The decision to refuse operations is a disgrace, a complete perversion of the NHS ideal (even if the NHS never quite lived up to that ideal). Though the NHS is not an insurance system, where you or your employers pay in a certain amount per month in return for a particular level of health cover, there is a sense that almost everyone contributes to the NHS via taxation and should be treated equally when it comes to care. These new rules are the equivalent of an insurance company changing the rules when you decide to claim. If that was exposed in a Michael Moore documentary, many British people would simply see it as confirmation of the superiority of ‘Our NHS’ over the American system. Well, it’s happening in ‘Our NHS’, so where’s the outcry?

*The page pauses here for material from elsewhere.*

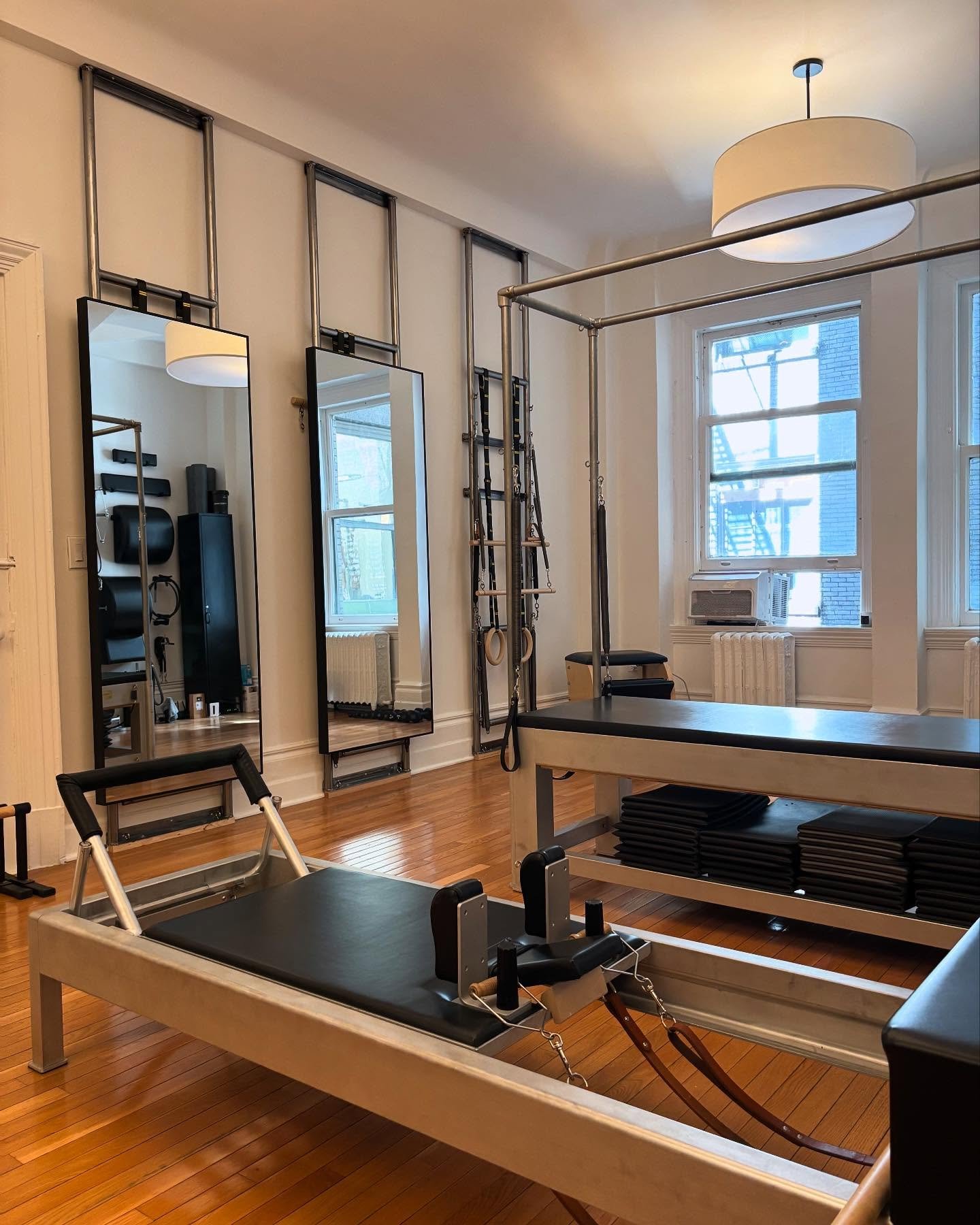 so many possibilities 🪄

#nycfitness #pilatesreformer #reformer #cadillacpilates #nycpilates #wellness #pilatesstudio #designspace #fitnessdesign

To be fair, some doctors do disagree with the new rules. Dr Mike Ingram, chair of the single-practice Red House Consortium and a member of Hertfordshire LMC, told Pulse: ‘Patients’ access to services should be based on the care they require and not on a discriminatory policy. I’m very worried about denying people care on the basis they are fat.’ The Patients’ Association has also been critical of these restrictions, while others have been exploring whether these rules are even legal.
Such restrictions aren’t new. As reported on spiked back in 2006, NHS trusts were already imposing such lifestyle-based rationing. Back then, however, there were some flimsy attempts to justify the restrictions on the base of medical outcomes. There’s little of that this time. Having created the NHS on the basis that lack of money should be no reason to deny someone healthcare, that care is now being denied on moral grounds instead.
We now have a simple division between the deserving and the undeserving sick, one that is broadly drawn. According to NHS figures, 21 per cent of UK adults smoke while almost a quarter of adults are classified as obese. Even if there is considerable crossover between the two groups, that’s still a very sizeable chunk of the population that would fall foul of this new-style health rationing.
Rather than admit to the limitations and failings of the NHS, health bosses have been able to exploit the moralistic climate created in recent years by endless health campaigns about smoking and diet, apparently with no complaint from ministers. It seems doctors, in the name of lifestyle manipulation, have forgotten that bit in the Hippocratic Oath to ‘use treatments for the benefit of the ill in accordance with my ability and my judgment’. Instead, it seems, patients can now look forward to remaining in pain or struggling with disability for months unless they fall into line.